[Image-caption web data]
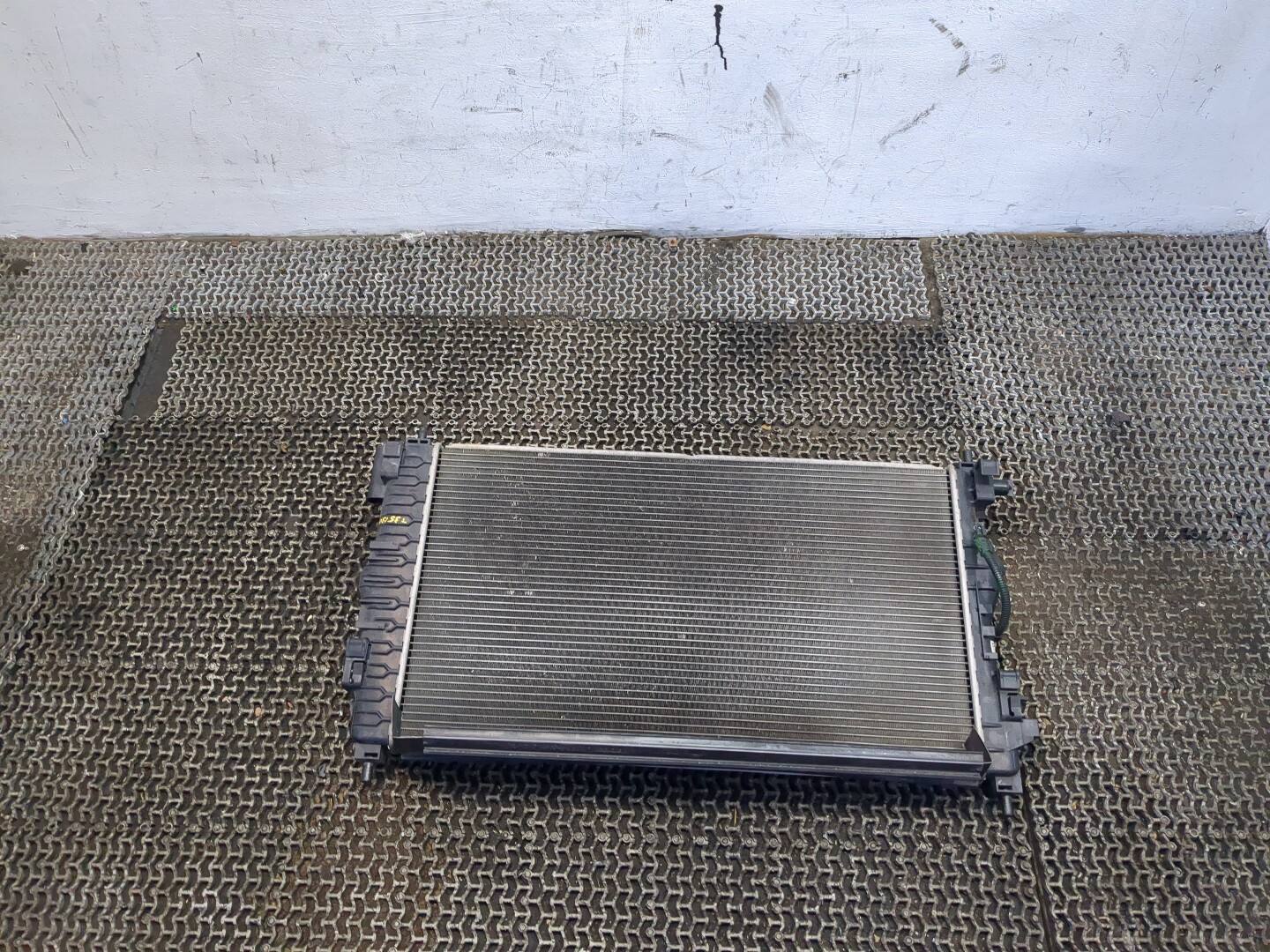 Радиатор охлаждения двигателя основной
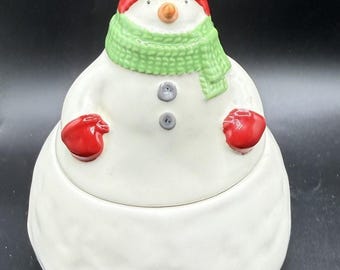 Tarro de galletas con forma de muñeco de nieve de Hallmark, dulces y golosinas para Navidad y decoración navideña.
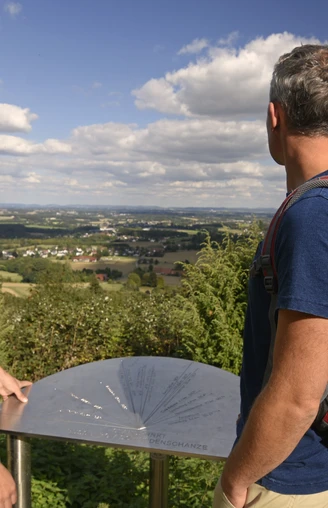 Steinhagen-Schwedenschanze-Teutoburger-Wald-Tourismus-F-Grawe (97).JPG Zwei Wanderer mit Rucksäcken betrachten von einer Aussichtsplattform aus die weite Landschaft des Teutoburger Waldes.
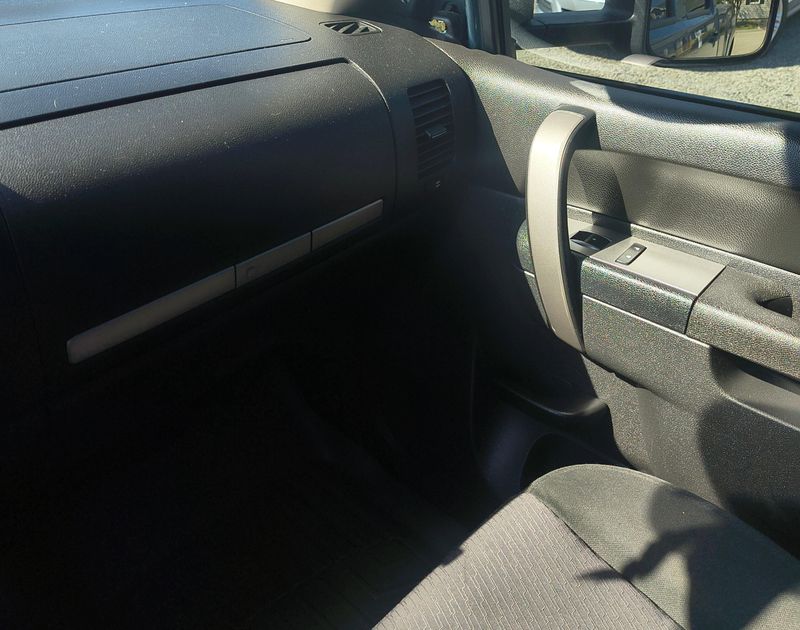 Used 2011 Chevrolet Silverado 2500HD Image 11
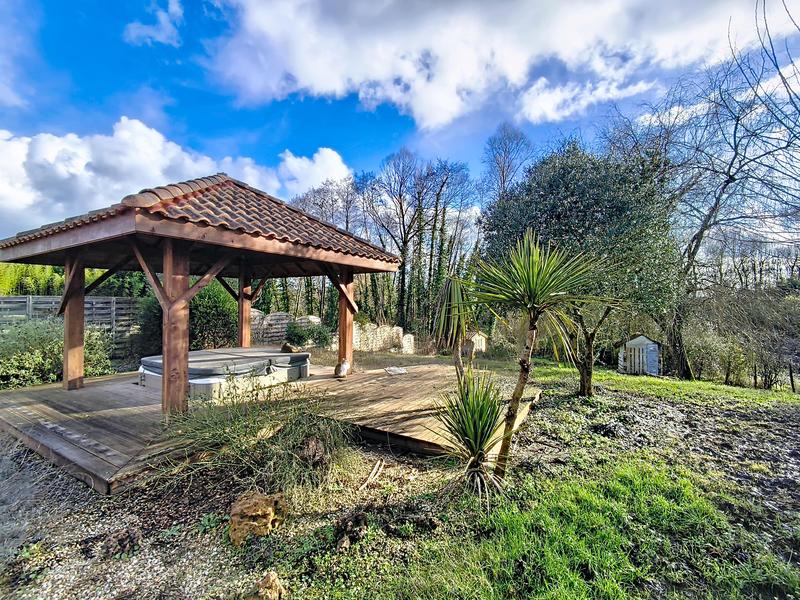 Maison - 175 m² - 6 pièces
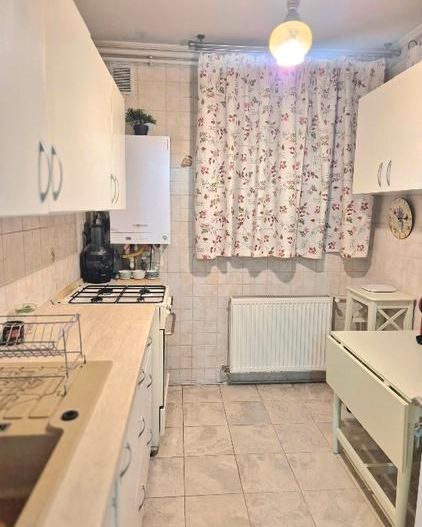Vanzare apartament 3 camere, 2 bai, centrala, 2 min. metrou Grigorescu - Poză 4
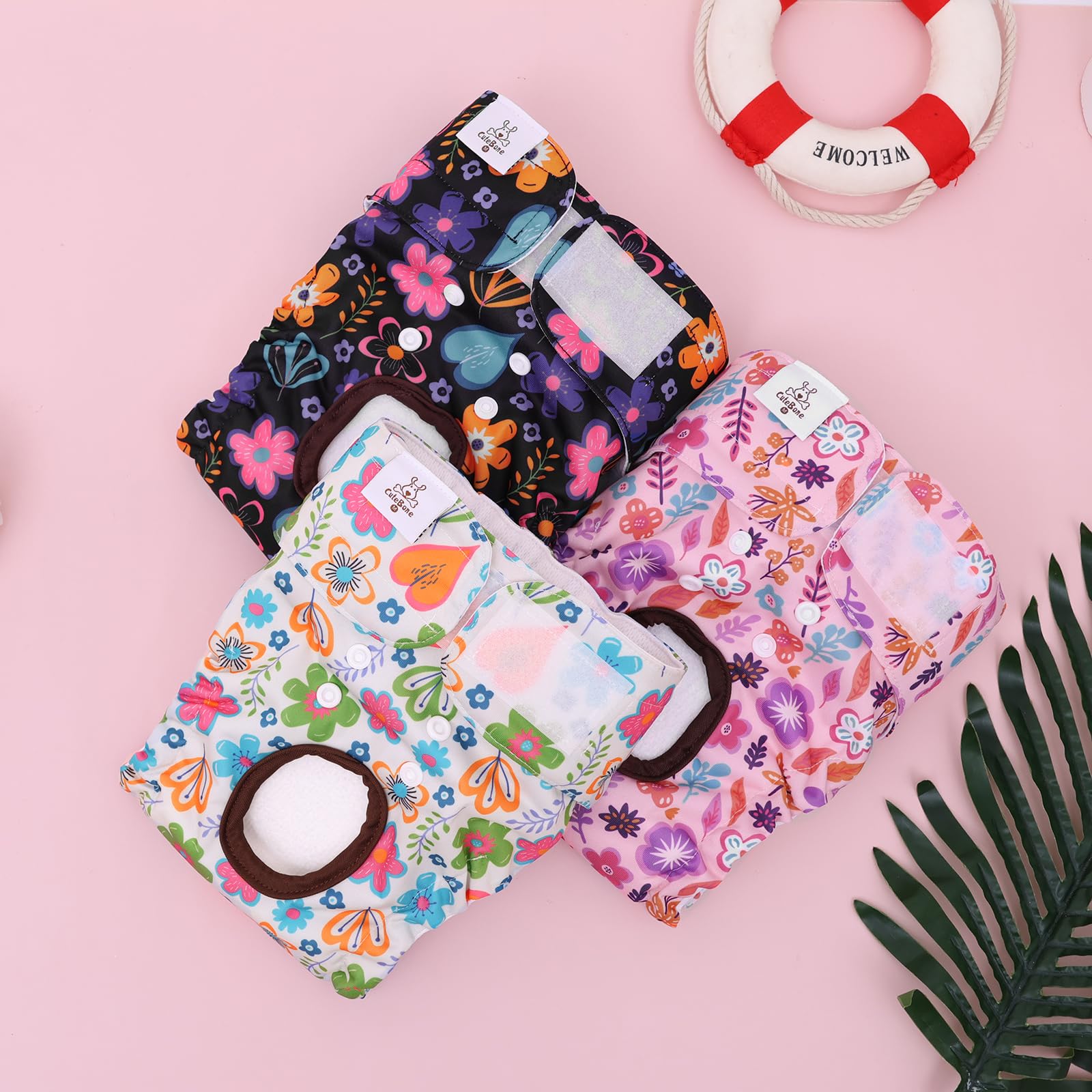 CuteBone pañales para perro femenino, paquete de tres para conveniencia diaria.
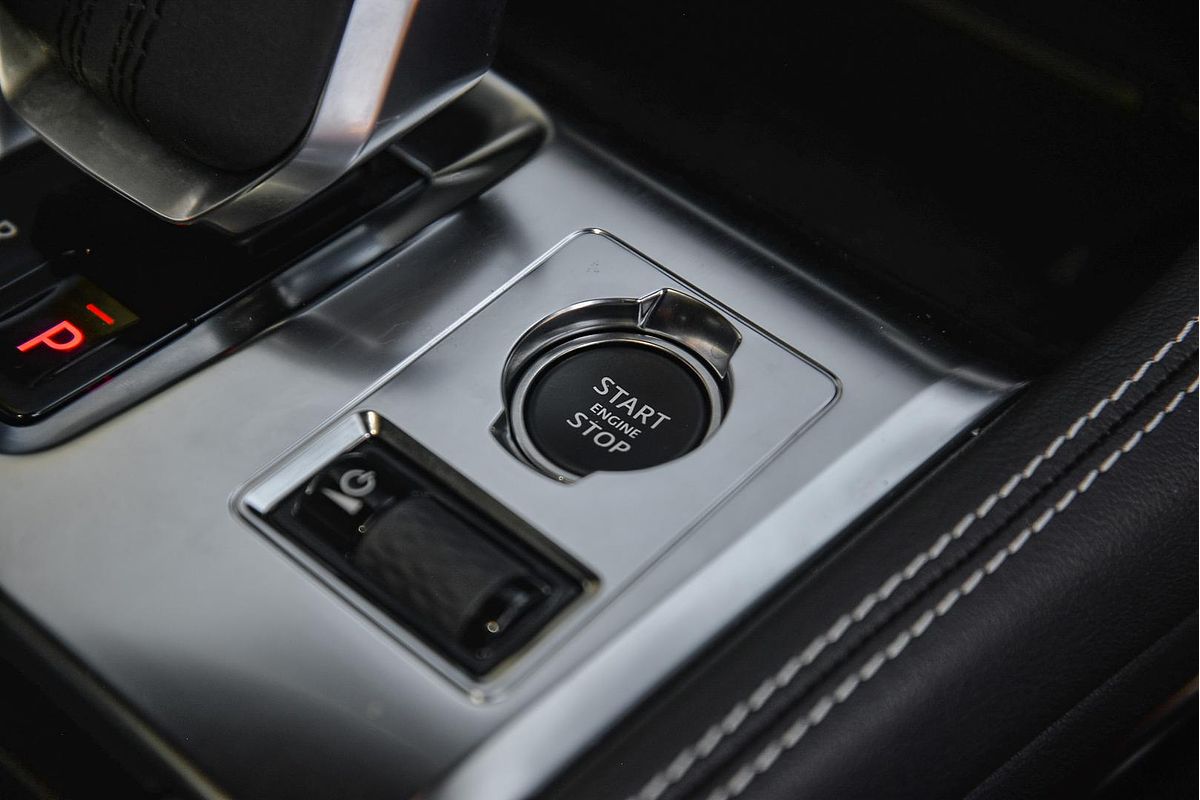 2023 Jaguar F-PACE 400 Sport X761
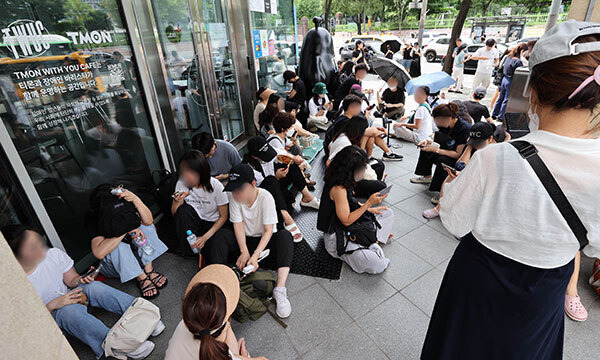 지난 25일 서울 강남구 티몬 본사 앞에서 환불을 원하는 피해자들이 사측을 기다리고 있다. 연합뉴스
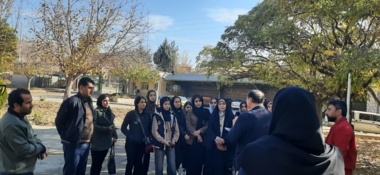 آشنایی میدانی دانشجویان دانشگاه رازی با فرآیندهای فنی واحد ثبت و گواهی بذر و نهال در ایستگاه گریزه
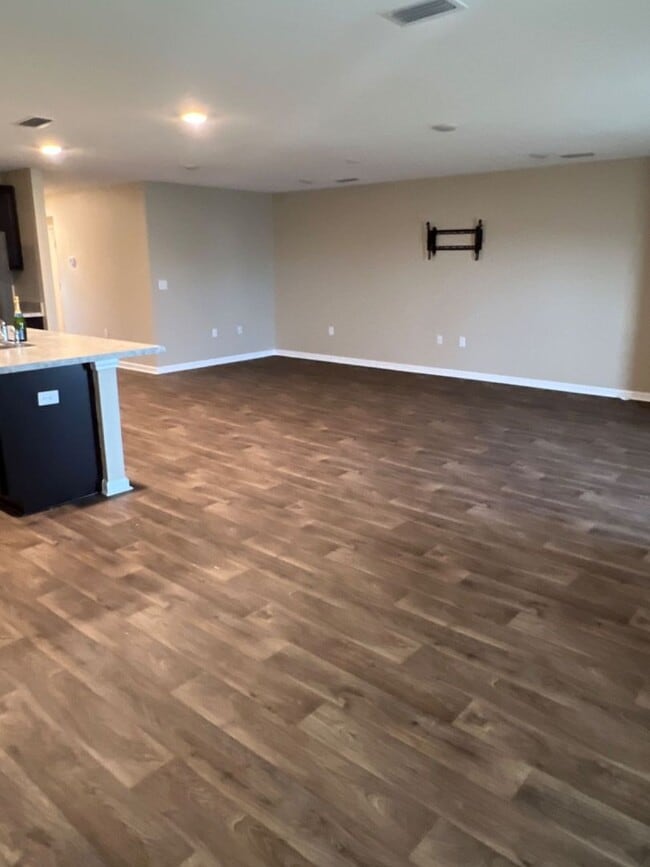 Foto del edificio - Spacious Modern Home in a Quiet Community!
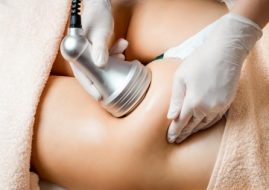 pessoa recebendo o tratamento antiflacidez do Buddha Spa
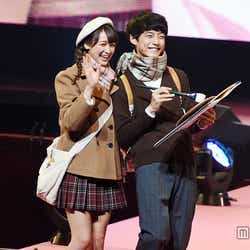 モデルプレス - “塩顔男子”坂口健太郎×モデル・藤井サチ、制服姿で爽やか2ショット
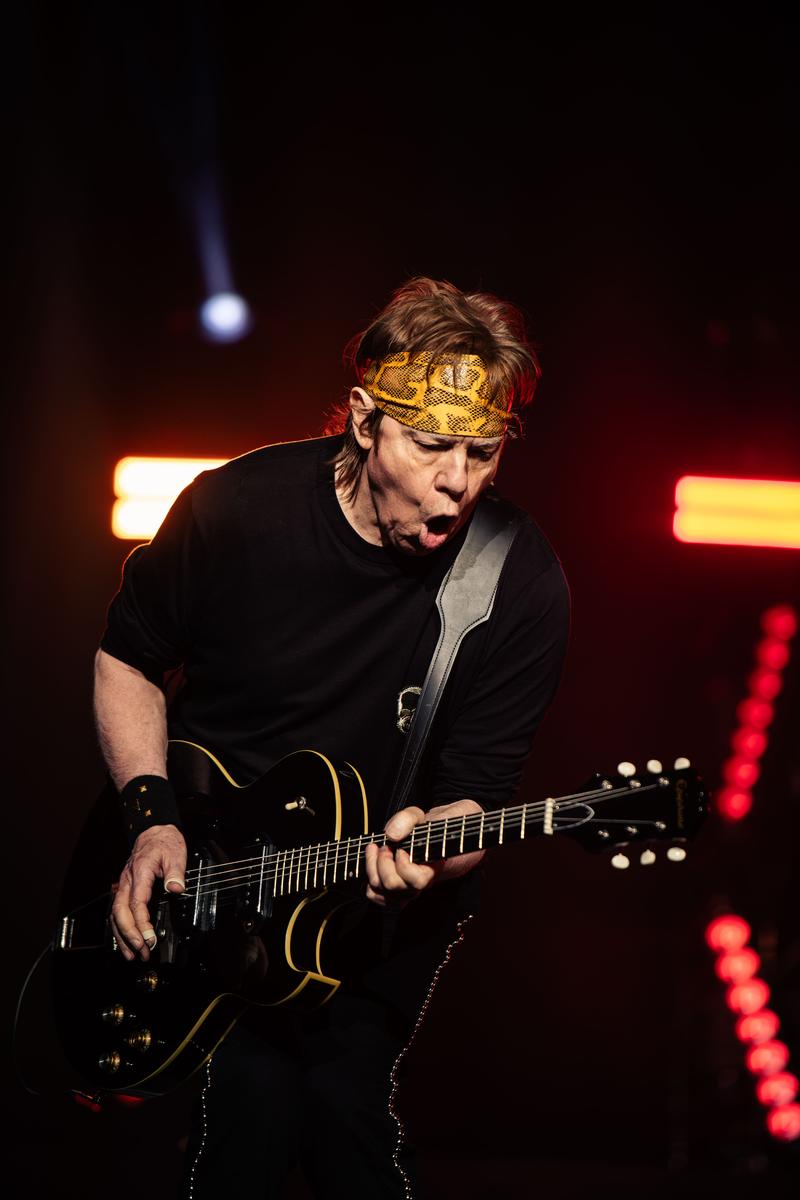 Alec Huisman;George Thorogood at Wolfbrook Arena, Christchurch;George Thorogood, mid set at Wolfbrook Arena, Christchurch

YOUR GOAL:
What's needed is an exact copy of every entry, free of pictures.

SOLUTION TO THE EXERCISE:
 Радиатор охлаждения двигателя основной
 Tarro de galletas con forma de muñeco de nieve de Hallmark, dulces y golosinas para Navidad y decoración navideña.
 Steinhagen-Schwedenschanze-Teutoburger-Wald-Tourismus-F-Grawe (97).JPG Zwei Wanderer mit Rucksäcken betrachten von einer Aussichtsplattform aus die weite Landschaft des Teutoburger Waldes.
 Used 2011 Chevrolet Silverado 2500HD Image 11
 Maison - 175 m² - 6 pièces
Vanzare apartament 3 camere, 2 bai, centrala, 2 min. metrou Grigorescu - Poză 4
 CuteBone pañales para perro femenino, paquete de tres para conveniencia diaria.
 2023 Jaguar F-PACE 400 Sport X761
 지난 25일 서울 강남구 티몬 본사 앞에서 환불을 원하는 피해자들이 사측을 기다리고 있다. 연합뉴스
 آشنایی میدانی دانشجویان دانشگاه رازی با فرآیندهای فنی واحد ثبت و گواهی بذر و نهال در ایستگاه گریزه
 Foto del edificio - Spacious Modern Home in a Quiet Community!
 pessoa recebendo o tratamento antiflacidez do Buddha Spa
 モデルプレス - “塩顔男子”坂口健太郎×モデル・藤井サチ、制服姿で爽やか2ショット
 Alec Huisman;George Thorogood at Wolfbrook Arena, Christchurch;George Thorogood, mid set at Wolfbrook Arena, Christchurch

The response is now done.